Hankook Dynapro AT2 vs Yokohama Geolandar G015


With innovative tread compounds, both the Hankook Dynapro AT2 and the Yokohama Geolandar G015 are designed to tackle any terrain with ease. Yet, the choice between them can be difficult. Let’s compare the technical specifications and performance data to determine the winner.

Yokohama Geolandar G015
Yokohama Geolandar G015 although features aggressive enough shoulders, is missing with sidewall lugs.

Being a tire engineer, from my perspective, the Dynapro AT2 although does great on dry roads, in terms of handling and steering response, its wet traction is not so appreciable. Though it does better in comparison, when it comes to off-road traction in rocks and mud and offers better tread life. The Yokohama G015 A/T on the other side is superb on wet roads, and gives you superior winter performance. Moreover, its one of the most comfortable tires out there in A/T category.

Sizes Specs

Starting with Hankook Dynapro AT2, this tire has following specs.

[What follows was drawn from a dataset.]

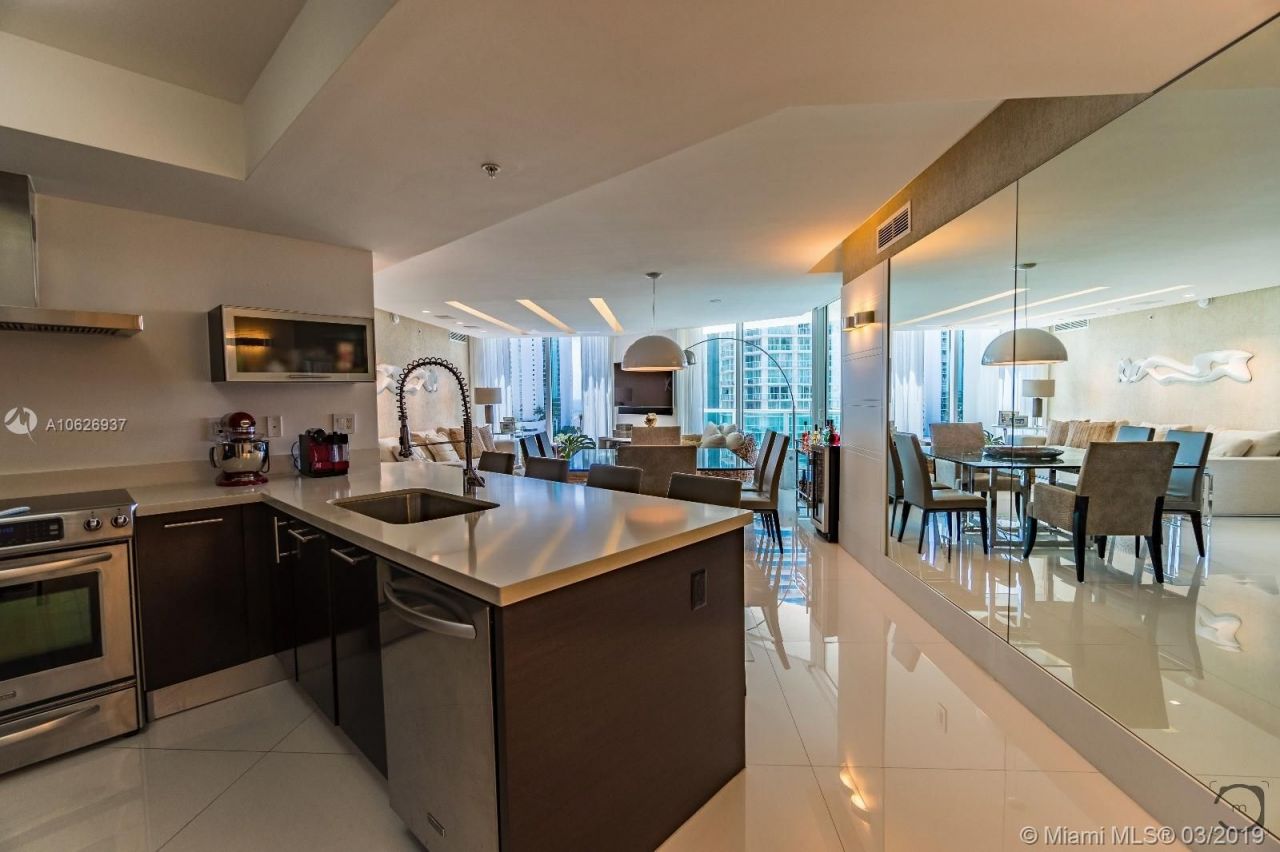 Flat in Miami, USA, 140 m² - picture 12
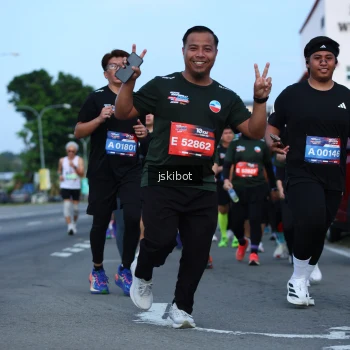 Runner Photo 3698481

  • Sizes: 15 to 22 inches
  • Speed rating: S and T.
  • Load Rating: SL, XL, C, D, E, and F.
  • Weight: 29 to 80 lbs
  • Tread depth: 12 to 16.4/32″
  • Warranty: 60k miles for all

On the other hand, the Yokohama Geolandar AT provides 112 sizes (in 15 to 22 inches, rim diameters).

  • Speed Ratings: R, S, T, and H.
  • Load Ratings: SL, XL, C, D and E.
  • Weight range: 25 to 70 lbs.
  • Tread depth range, 12 to 18/32″ (most sizes have 17/32″).
  • Warranty: 50k (LT sizes), 60k (non LT).
  • Both 3PMSF and M+S Ratings Available.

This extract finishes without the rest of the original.